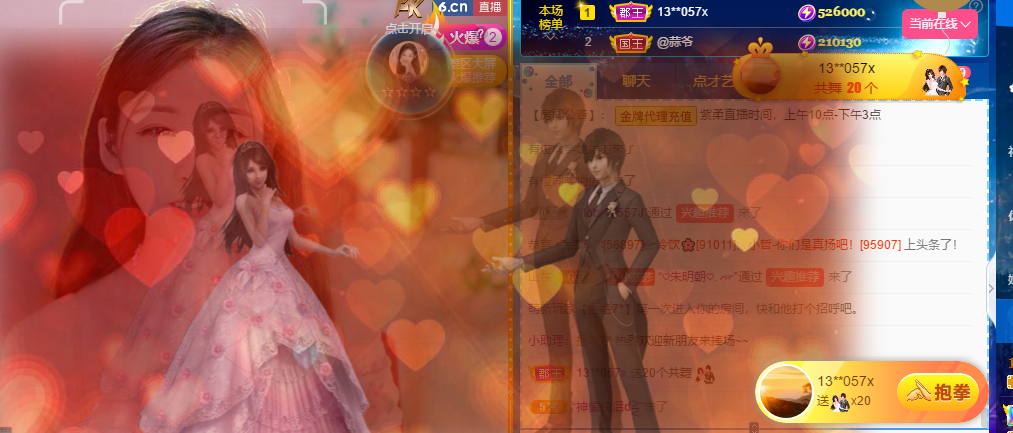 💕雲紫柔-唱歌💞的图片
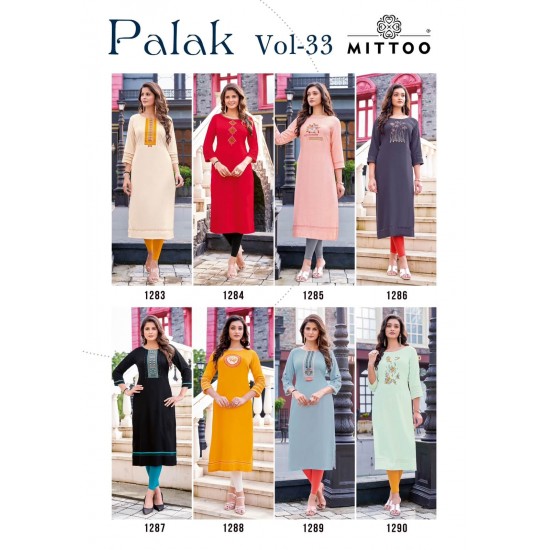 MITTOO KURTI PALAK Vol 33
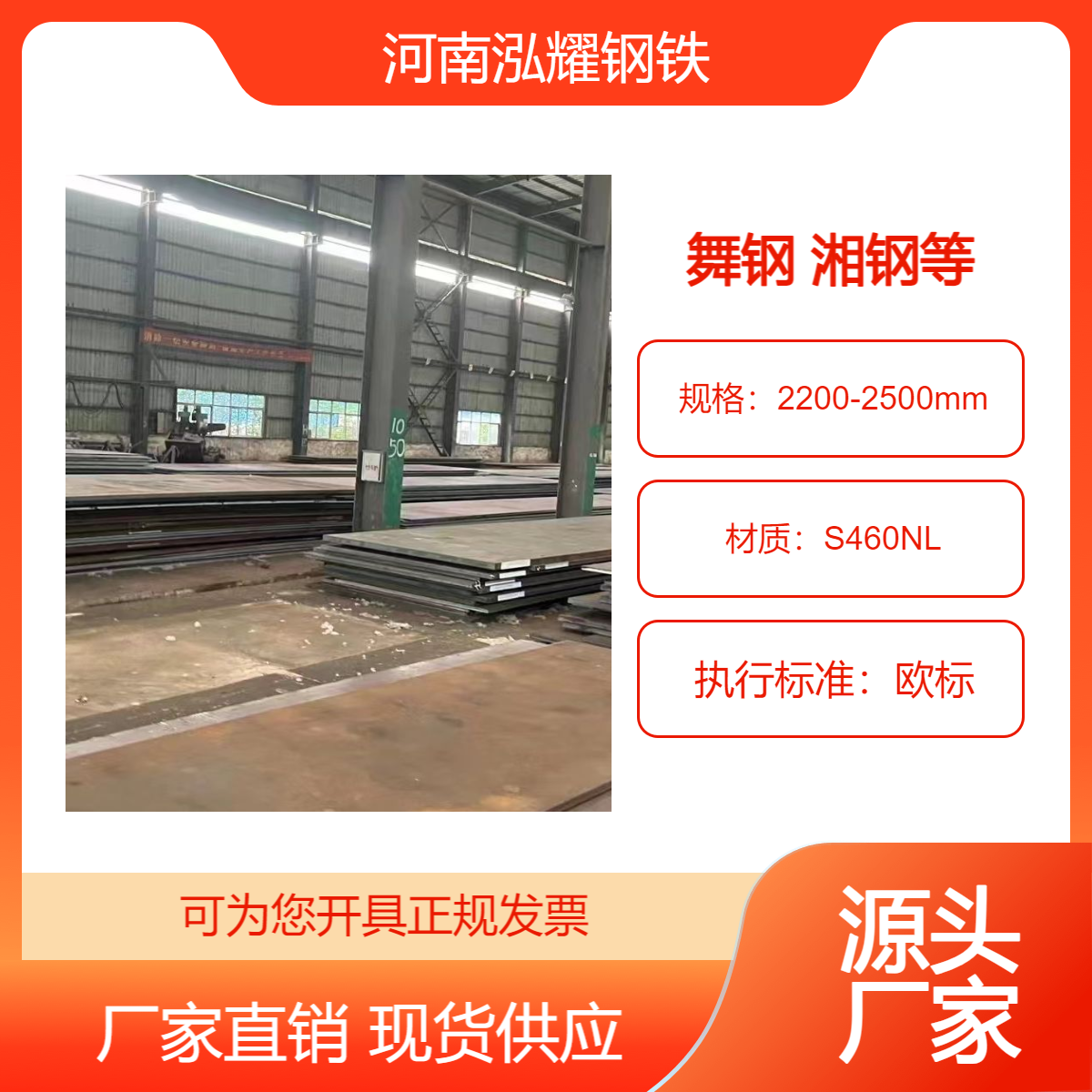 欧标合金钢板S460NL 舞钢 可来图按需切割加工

What is expected
Could you set down, exactly as written, every line from the one with "MITTOO KURTI PALAK Vol 33" to the end of the data, both ends included? Leave out the pictures.

Task response
 MITTOO KURTI PALAK Vol 33
 欧标合金钢板S460NL 舞钢 可来图按需切割加工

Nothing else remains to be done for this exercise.